Drug Church are angry and they don’t attempt to hide it. Paul Walker is the band’s newest full-length, and it offers little over twenty-five minutes of raw, 80s driven hardcore.
It’s evident from album opener ‘Thinking About Joining Drug Church’ that the band wastes absolutely no time in celebrating the fact that their lives are going nowhere. Vocalist Patrick Klindon of Self Defence Family fame delivers his depressing, but amusing lyrics in a very horse yet vicious yell, definitely a throwback to the old-school hardcore records of yesteryear. It’s surprising too - with the backdrop of punk instead of a Self Defence Family song; you may never even guess Klindon was behind the mic.
Musically Paul Walker is somewhere between Black Flag, Nervous Breakdown-era and Nirvana’s early material with raucous songs drenched in feedback and fuzz that often last mere minutes. The band’s execution is absolutely fantastic, making Paul Walker engaging throughout its runtime which, whilst leaning towards the short side, fits the album so well. Many bands claim that their recorded material is reflective of their live show, but this is true for so few. On the other hand, Drug Church make this more than believable – the band’s use of feedback as well as an incredibly raw and potent guitar tone drenched in layers of fuzz result in ten songs made for a live setting.

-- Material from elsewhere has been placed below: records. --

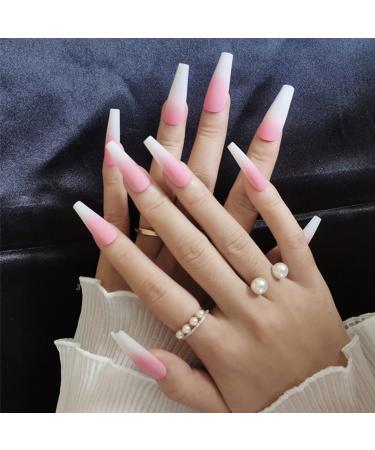 Dajidafu 1 Set Press on Nails Coffin Gradient Pink Extension Frosted Matte Wraps Ballerina Salon DIY Gifts Manicure Kit Type 1 - Buy Online on GoSupps.com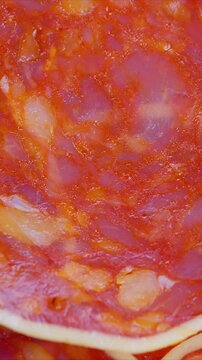 Closeup of seasoned sausage slices, Detailed view of seasoned meat with marbling, Highly detailed image showing overlapping sausage slices with spices and rich coloration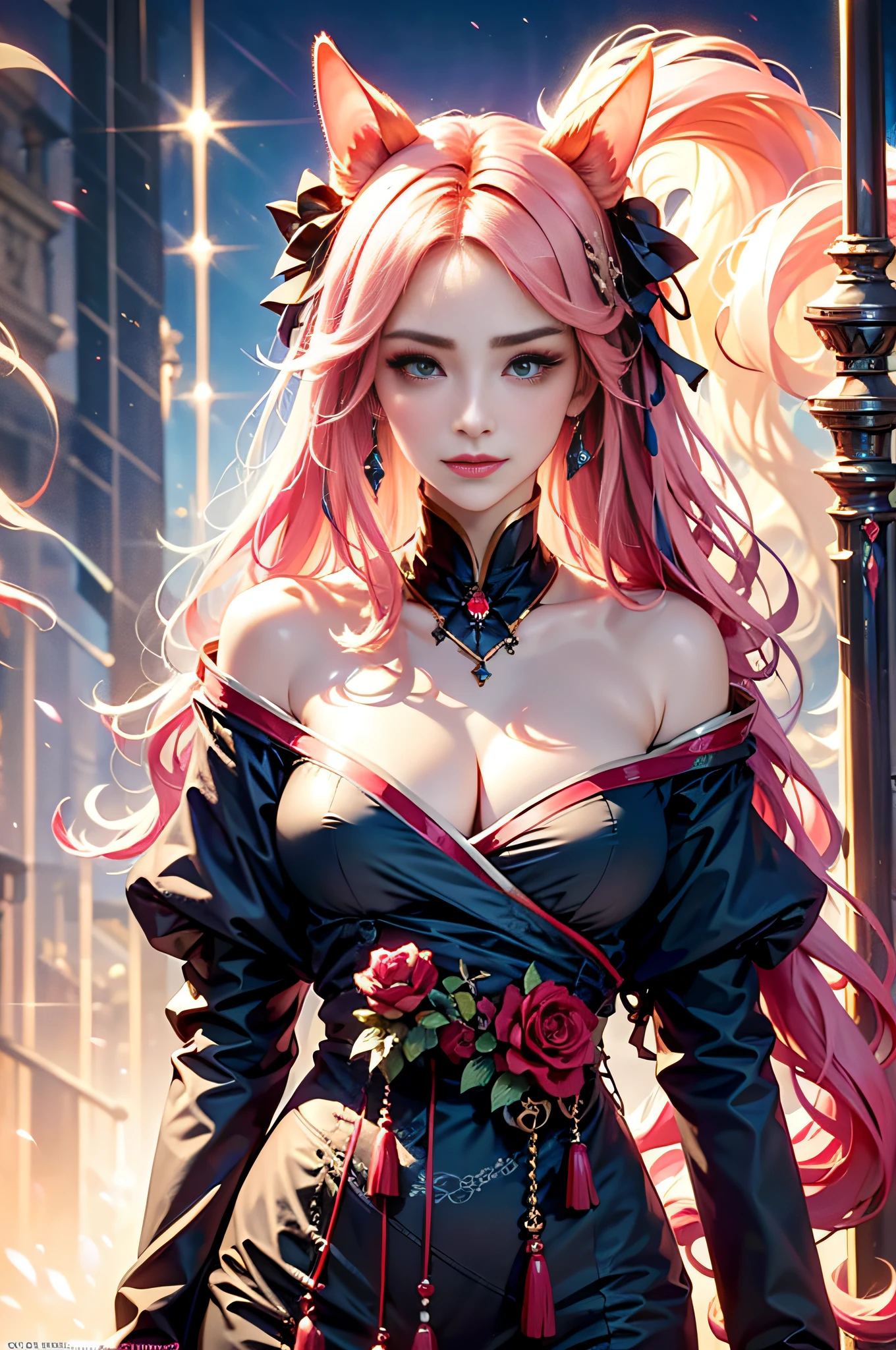 Peerless beauty,Peerless looks,period costume,Personable girl,Thick eyebrows,tall nose bridge,exquisite facial features,Great chivalry,protruding ears,Melon seed face,8K resolution,ancient wind,bust,Coiled hair,cabelos preto e longos,pony tails,Crossed coat(Red and white)Neck with embroidery,Fill your face,Fill the mouth with light,,Peerless beauty men and women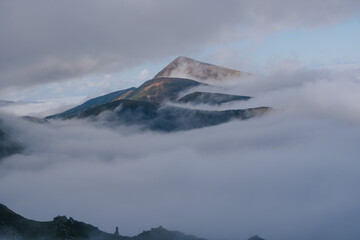 mountain in the fog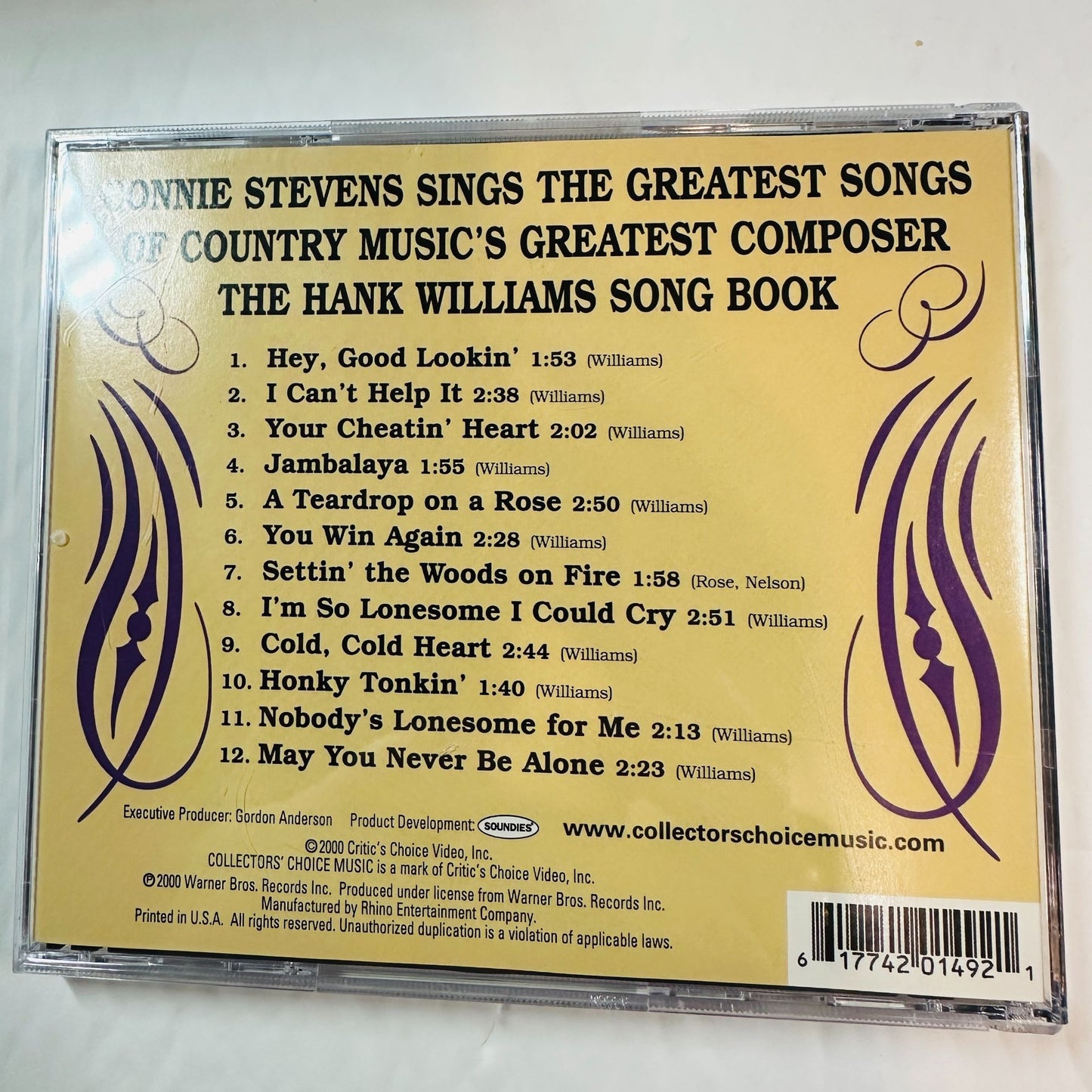 Connie Stevens The Hank Williams Song Book CD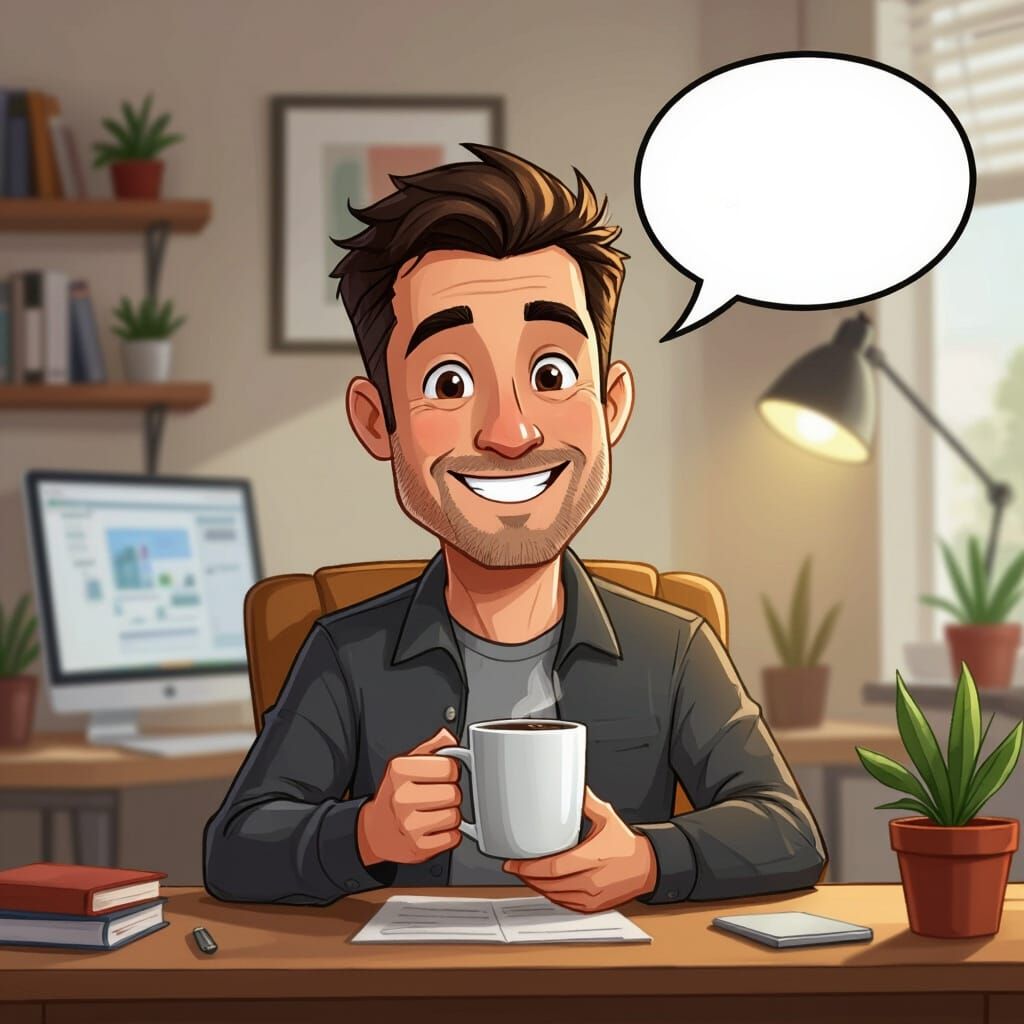 Cartoon Dad with Coffee in Caricature Style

The songs are fairly straightforward throughout, which, while repetitive (as with most punk records) still makes for a fairly fun and entertaining twenty-six minutes. Both riffs and basslines are often memorable throughout, especially on tracks such as Attending A Cousin’s Birthday Party, Learning To Speak British and Thrill Hill, the latter of which opens with a clean arpeggio pattern before descending into a mid-tempo ode to failure with Klindon offering some of the best lyrics on the album.
It’s a shame that there aren’t more bands blasting through songs in the same raw and uncompromising manner that Drug Church are. Klindon celebrates failure in a way which, for listeners, is both entertaining and openly morbid. Fiery in delivery, Paul Walker is unbridled anger at its best, and is “the perfect record to listen to as you skate home from your night shift cleaning up puke in the bathroom of a Steak & Shake,” as the band puts it.